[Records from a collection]

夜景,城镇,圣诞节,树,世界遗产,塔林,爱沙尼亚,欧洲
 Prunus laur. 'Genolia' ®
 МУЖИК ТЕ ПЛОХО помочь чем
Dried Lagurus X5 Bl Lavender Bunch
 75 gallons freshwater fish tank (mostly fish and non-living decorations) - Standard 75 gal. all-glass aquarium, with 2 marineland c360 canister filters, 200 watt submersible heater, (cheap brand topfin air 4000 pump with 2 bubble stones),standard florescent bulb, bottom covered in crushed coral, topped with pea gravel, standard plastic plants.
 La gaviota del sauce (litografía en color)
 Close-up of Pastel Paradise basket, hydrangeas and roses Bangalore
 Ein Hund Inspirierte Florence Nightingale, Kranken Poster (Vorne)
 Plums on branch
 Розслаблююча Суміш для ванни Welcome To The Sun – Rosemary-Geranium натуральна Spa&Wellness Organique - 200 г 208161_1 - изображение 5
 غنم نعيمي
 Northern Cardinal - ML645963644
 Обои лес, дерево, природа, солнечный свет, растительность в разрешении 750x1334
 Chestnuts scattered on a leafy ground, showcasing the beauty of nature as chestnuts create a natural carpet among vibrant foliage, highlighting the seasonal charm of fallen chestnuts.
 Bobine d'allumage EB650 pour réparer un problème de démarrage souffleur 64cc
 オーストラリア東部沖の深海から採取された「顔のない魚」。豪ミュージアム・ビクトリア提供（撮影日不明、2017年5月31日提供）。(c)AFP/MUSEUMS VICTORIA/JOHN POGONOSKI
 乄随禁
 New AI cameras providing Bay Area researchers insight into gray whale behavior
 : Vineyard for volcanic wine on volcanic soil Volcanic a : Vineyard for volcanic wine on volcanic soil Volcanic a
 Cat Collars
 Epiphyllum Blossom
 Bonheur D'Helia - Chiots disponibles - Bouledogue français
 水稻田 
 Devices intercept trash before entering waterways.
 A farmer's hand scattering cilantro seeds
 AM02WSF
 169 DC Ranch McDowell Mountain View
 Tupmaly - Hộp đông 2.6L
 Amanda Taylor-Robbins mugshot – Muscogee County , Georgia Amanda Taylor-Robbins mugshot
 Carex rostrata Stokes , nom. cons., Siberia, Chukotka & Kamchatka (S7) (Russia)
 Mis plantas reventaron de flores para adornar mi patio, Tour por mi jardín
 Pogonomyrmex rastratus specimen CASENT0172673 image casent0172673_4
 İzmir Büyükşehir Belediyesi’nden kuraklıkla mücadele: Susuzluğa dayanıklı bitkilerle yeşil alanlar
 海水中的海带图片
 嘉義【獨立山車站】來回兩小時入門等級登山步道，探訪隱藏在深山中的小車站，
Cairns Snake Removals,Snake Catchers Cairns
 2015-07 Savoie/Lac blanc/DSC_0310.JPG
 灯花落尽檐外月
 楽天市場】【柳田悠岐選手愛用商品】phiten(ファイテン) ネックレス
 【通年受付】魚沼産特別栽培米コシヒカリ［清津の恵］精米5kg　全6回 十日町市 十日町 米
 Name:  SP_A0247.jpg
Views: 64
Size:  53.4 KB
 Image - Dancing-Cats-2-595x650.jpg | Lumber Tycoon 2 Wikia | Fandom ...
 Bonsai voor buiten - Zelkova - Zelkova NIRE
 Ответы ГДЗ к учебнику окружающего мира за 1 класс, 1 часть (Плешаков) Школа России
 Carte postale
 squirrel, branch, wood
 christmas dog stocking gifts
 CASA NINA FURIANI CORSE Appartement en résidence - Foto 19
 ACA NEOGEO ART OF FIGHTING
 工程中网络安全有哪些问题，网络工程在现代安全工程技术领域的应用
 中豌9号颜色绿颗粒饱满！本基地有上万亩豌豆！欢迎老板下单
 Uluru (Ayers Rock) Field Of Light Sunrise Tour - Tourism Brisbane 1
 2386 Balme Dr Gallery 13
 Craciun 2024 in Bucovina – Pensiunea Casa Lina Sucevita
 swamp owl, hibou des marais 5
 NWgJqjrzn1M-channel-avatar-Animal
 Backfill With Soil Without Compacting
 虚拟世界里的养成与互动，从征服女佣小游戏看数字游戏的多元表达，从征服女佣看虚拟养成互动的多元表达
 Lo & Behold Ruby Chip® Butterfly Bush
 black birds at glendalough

*WHAT THE TASK REQUIRES*.
Working from the records above, write out verbatim only the lines from the line containing "a : Vineyard" through the line containing "Bonsai voor buiten - Zelkova - Zelkova NIRE".

*WRITTEN RESPONSE*.
 : Vineyard for volcanic wine on volcanic soil Volcanic a : Vineyard for volcanic wine on volcanic soil Volcanic a
 Cat Collars
 Epiphyllum Blossom
 Bonheur D'Helia - Chiots disponibles - Bouledogue français
 水稻田 
 Devices intercept trash before entering waterways.
 A farmer's hand scattering cilantro seeds
 AM02WSF
 169 DC Ranch McDowell Mountain View
 Tupmaly - Hộp đông 2.6L
 Amanda Taylor-Robbins mugshot – Muscogee County , Georgia Amanda Taylor-Robbins mugshot
 Carex rostrata Stokes , nom. cons., Siberia, Chukotka & Kamchatka (S7) (Russia)
 Mis plantas reventaron de flores para adornar mi patio, Tour por mi jardín
 Pogonomyrmex rastratus specimen CASENT0172673 image casent0172673_4
 İzmir Büyükşehir Belediyesi’nden kuraklıkla mücadele: Susuzluğa dayanıklı bitkilerle yeşil alanlar
 海水中的海带图片
 嘉義【獨立山車站】來回兩小時入門等級登山步道，探訪隱藏在深山中的小車站，
Cairns Snake Removals,Snake Catchers Cairns
 2015-07 Savoie/Lac blanc/DSC_0310.JPG
 灯花落尽檐外月
 楽天市場】【柳田悠岐選手愛用商品】phiten(ファイテン) ネックレス
 【通年受付】魚沼産特別栽培米コシヒカリ［清津の恵］精米5kg　全6回 十日町市 十日町 米
 Name:  SP_A0247.jpg
Views: 64
Size:  53.4 KB
 Image - Dancing-Cats-2-595x650.jpg | Lumber Tycoon 2 Wikia | Fandom ...
 Bonsai voor buiten - Zelkova - Zelkova NIRE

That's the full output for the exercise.